D’autres projets peuvent être cités :
• Le Super Phantom 2000, Phantom doté de nouveaux moteurs Pratt & Whitney PW1120, dont la masse est inférieure de 20 % à celle des General Electric J 79 installés sur la version de base, et qui fournissent une poussée supérieure de 15 %. La capacité d’emport de l’appareil sera augmentée, ainsi que sa vitesse de pénétration et son rayon d’action. La concrétisation du projet pourrait constituer une suite logique à l’abandon l’année dernière du programme national du nouvel avion de combat Lavi.
• Le Vought A-7 Plus, version remotorisée des avions d’assaut A-7D et A-7K. Cet appareil pourrait être équipé d’un réacteur de puissance accrue lui permettant ainsi de recouvrer des performances compatibles avec les missions BAI (Battlefield Air Interdiction) visant à interdire l’acheminement des renforts ennemis dans la zone des combats.
En matière de remotorisation il convient enfin de rappeler le programme réalisé au profit des avions ravitailleurs KC-135 de l’US Air Force et C-135 de l’Armée de l’air. Les turboréacteurs originaux simple flux de ces appareils ont été remplacés par des réacteurs double flux CFM56. Cette opération s’est d’ailleurs accompagnée d’un changement du train d’atterrissage, des génératrices, des freins, de la centrale aérodynamique ainsi que de diverses autres modifications mineures. Le gain obtenu a été particulièrement important : masse maximale au décollage augmentée de 7 %, consommation inférieure de 25 %, quantité de carburant transférable à distance équivalente plus élevée de 20 %.

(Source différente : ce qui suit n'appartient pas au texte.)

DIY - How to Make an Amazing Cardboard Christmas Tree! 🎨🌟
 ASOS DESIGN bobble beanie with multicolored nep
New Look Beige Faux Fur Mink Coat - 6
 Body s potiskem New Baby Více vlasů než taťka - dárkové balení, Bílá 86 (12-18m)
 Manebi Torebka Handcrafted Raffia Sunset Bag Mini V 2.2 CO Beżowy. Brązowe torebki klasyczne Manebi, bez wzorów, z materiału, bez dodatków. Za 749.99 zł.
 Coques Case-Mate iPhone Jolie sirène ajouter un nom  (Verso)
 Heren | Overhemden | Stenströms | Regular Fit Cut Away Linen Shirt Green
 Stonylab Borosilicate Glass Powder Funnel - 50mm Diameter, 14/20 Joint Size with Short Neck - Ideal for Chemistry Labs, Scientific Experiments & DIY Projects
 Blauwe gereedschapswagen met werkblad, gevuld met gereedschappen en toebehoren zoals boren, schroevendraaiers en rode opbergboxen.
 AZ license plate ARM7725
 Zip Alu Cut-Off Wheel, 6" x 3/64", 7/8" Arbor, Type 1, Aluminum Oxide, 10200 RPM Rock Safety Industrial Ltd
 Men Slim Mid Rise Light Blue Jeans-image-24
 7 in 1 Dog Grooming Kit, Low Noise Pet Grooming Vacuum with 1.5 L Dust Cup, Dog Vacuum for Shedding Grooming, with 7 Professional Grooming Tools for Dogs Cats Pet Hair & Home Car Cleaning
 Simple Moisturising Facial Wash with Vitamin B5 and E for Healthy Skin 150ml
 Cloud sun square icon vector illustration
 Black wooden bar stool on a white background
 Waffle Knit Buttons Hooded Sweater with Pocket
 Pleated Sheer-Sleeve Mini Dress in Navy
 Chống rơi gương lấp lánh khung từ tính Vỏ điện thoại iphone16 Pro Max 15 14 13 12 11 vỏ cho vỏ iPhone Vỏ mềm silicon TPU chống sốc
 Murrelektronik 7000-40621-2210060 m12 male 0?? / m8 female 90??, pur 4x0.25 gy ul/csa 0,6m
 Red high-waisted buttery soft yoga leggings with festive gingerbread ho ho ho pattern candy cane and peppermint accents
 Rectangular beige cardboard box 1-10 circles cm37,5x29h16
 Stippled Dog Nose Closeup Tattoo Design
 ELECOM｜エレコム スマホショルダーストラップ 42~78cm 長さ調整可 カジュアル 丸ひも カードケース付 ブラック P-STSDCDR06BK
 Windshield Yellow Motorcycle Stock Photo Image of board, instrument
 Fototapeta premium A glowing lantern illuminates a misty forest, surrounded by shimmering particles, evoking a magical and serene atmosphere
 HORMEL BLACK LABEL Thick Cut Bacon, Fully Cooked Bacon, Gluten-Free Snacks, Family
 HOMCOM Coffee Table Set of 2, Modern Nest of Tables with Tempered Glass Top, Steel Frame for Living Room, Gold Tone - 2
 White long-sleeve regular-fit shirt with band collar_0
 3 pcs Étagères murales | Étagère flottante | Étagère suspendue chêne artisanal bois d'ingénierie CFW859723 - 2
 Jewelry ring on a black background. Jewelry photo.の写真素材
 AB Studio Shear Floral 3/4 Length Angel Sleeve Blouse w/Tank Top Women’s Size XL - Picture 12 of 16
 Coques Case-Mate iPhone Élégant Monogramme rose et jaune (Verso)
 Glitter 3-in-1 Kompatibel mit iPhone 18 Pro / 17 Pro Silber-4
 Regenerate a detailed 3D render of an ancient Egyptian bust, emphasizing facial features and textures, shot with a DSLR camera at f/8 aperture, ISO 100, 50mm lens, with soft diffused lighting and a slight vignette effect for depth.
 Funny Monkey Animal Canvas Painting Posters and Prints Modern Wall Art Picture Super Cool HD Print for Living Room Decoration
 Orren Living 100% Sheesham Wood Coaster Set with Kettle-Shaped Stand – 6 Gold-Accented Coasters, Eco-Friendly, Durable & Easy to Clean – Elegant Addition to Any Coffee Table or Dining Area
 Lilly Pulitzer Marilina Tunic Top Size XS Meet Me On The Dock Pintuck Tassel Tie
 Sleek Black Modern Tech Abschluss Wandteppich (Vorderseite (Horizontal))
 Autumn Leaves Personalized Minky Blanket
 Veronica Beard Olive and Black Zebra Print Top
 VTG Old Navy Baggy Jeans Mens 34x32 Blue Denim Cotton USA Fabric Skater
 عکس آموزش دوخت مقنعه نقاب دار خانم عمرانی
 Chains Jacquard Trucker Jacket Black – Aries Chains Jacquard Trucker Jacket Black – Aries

Des divers projets et réalisations en cours, il ressort que la remotorisation permet des gains importants aux plans de la puissance, de la fiabilité, de la consommation, des performances et des coûts d’utilisation. Toutefois, l’opération est onéreuse. Elle exige en effet, outre l’acquisition de nouveaux moteurs et des pièces de rechange correspondantes, des études et des essais en vol. Elle ne peut donc être justifiée que dans la mesure où le moteur existant ne donne plus satisfaction (puissance insuffisante au regard des performances exigées, signature infrarouge importante, manque de fiabilité…). De plus, l’avionnage de nouveaux moteurs sur une cellule peut poser des problèmes lorsqu’ils sont logés dans le fuselage. Il est donc préférable de faire évoluer l’appareil avec des versions améliorées du moteur d’origine, à l’instar des Mirage (gamme Atar) ou des Tornado (gamme Rolls Royce RB199).
La modernisation électronique
La revalorisation des équipements électroniques constitue le second volet de la modernisation des flottes de combat. Elle est rendue nécessaire par l’évolution de la menace et porte principalement sur les systèmes de navigation, d’attaque et de visualisation, les radars, ainsi que sur divers moyens de guerre électronique (détecteurs d’alerte, éjecteurs de leurres…). Ainsi, dans un souci de fiabilité et de facilité de maintenance, l’armée de l’air américaine a décidé d’installer sur tous les avions de sa flotte des centrales à gyrolasers à la place des anciens équipements électromécaniques de navigation par inertie.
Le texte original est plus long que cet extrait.